De lugar incerto e não sabido, o amigo Escova me encaminhou um e-mail, com um alerta: “amanhã, 26 de outubro, o grande Belchior completa 70 anos. Merece registro no Blog. Não esqueça!”

Ops.

Cabecinha oca que sou, esqueci.

Mas, para evitar qualquer constrangimento diante do amigo e do compositor que admiro, trato hoje de registrar o que ontem deveria ter feito.

Antes, porém, um adendo:

Há uma similaridade entre o amigo Escova e o quase-amigo Belchior.
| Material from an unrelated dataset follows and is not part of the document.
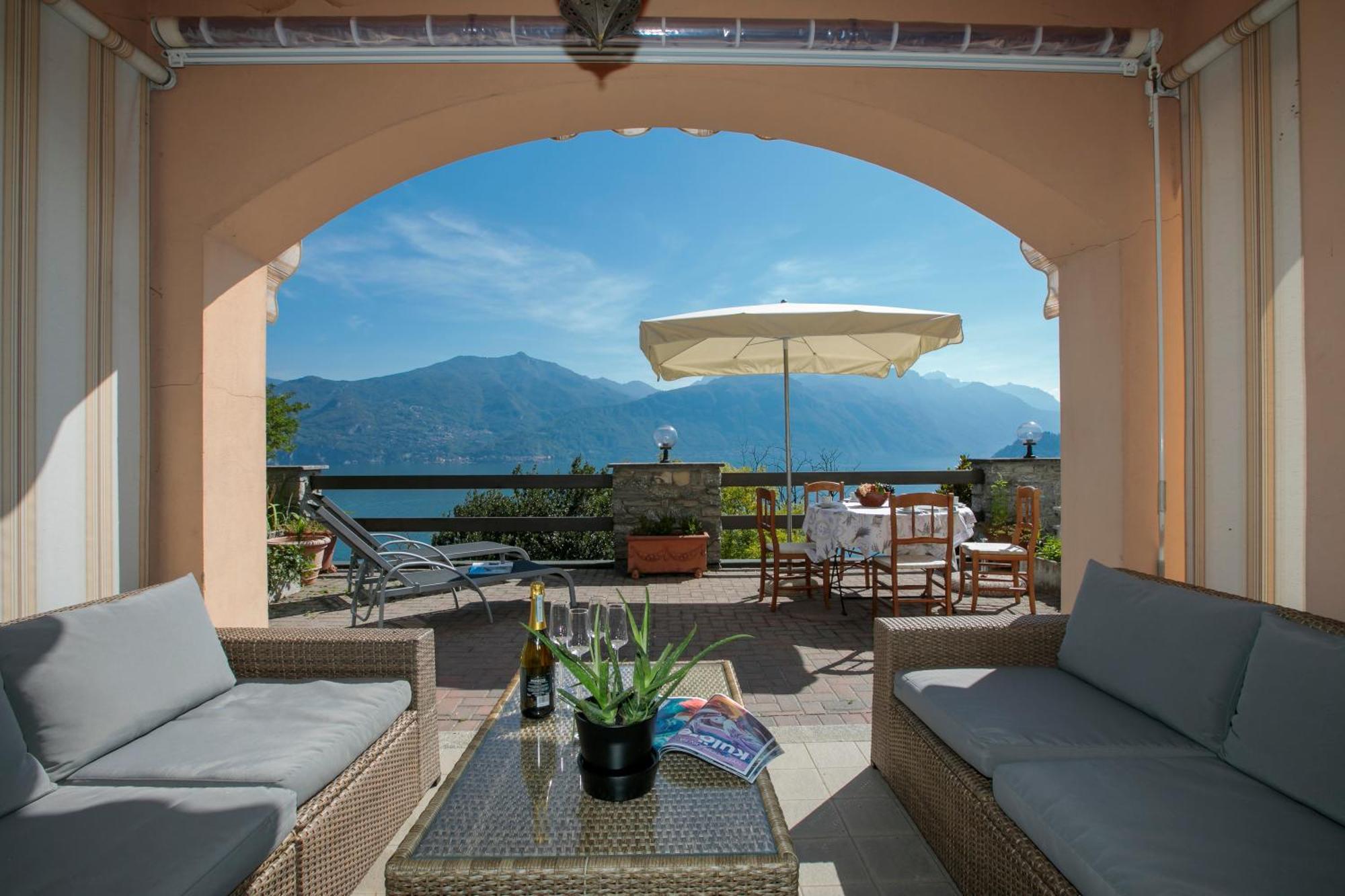 Sonenga Panoramic Terrace Apartman Menaggio Kültér fotó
Por razões distintas, ambos caíram fora do país e não estão, ao que consta, nem aí para a saudade dos fãs (no caso do cantor e compositor cearense) e dos amigos (caso específico do parceirinho querido de tantas jornadas na velha redação, o Escova).

Enfim, sigamos em frente…

II.

A obra de Antônio Carlos Gomes Belchior Fontenelle Fernandes é seguramente uma das que melhor retratou os jovens do Brasil naqueles conturbados anos 70 e parte dos 80.

Falo especificamente das angústias, sonhos e amores do pessoal da minha geração. Nós o tínhamos como o Bob Dylan nativo. Fazíamos de suas canções dolentes, com versos discursivos e sensíveis, a trilha sonora de luta e esperança em meio a um período obscuro dilacerado por uma ditadura tosca que não dava sinais de, tão cedo, se encerrar.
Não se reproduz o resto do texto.